The song, produced by Quincy Jones, spent two weeks in the No. 1 slot, and remained in the Top 100 for more than three months. For the hastily recorded sequel, “Judy’s Turn to Cry,” writers Edna Lewis and Beverly Ross introduced a bona fide female perspective into the scenario. The singer responds to the original insult by kissing another boy, which prompts Johnny to punch him, and then reunite with Gore’s character.
Enlightened it wasn’t, but it set the stage for “You Don’t Own Me,” in which Gore gave voice to a woman’s independence fully in sync with ideas popularized by Betty Friedan’s wildly successful 1963 book exploring emerging feminist issues, “The Feminine Mystique.”

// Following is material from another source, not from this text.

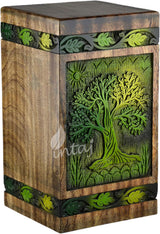 Handcarved Wooden Cremation Urn – Tree of Life Design – Suitable for Adult Men & Women, Mom & Dad – 250 Cu/in Capacity, Green Blaze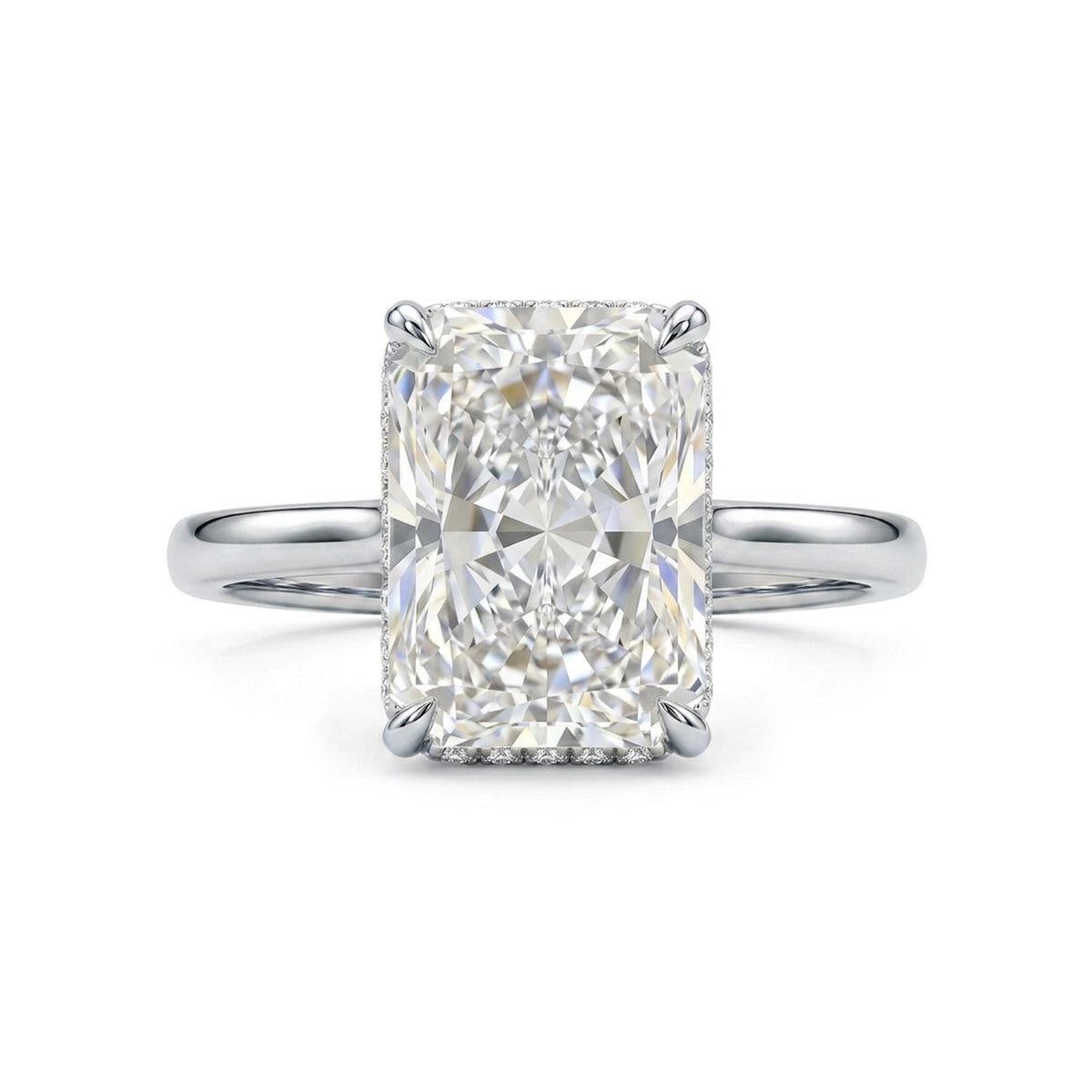 Radiant Hidden Halo Ring — radiant lab grown diamond ring in solid hallmarked gold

“You Don’t Own Me,” however, was written by two men, John Madara and David White. Its message resonated with a broad swath of young music fans and reached No. 2 early in 1964.
The song — punctuated by the lines “You don’t own me, don’t try to change me in any way / You don’t own me, don’t tie me down ‘cause I’d never stay” — was introduced to younger generations in a 2012 public service announcement. The video promoting women’s reproductive rights featured numerous celebrities lip-syncing to her recording.
Despite her quick rise to stardom, Gore, who was born Lesley Sue Goldstein on May 2, 1946, in Brooklyn, graduated from high school and continued her education, studying English and American literature at Sarah Lawrence College in Yonkers, N.Y. She also worked in theater productions while she was in college, and later developed a nightclub act that she delivered to mixed reviews in New York and Los Angeles.
Along the way she landed two appearances on the 1960s camp superhero TV series “Batman” as Pussycat, a minion to super villain Catwoman.
Gore played piano and mandolin, and continued writing and recording music, reuniting in 1975 with producer Jones for an album “Immortality” that was well-received by those who tracked it down, although it never made the Billboard 200 Albums chart.
She earned an Oscar nomination for “Out Here On My Own,” one of the songs she composed with her brother, Michael, for the 1980 film “Fame.”
Her most recent album, “Ever Since,” was released in 2005, ending a three-decade hiatus from recording.
In addition to her brother and her mother Ronny, Gore is survived by jewelry designer Lois Sasson, her partner of 33 years.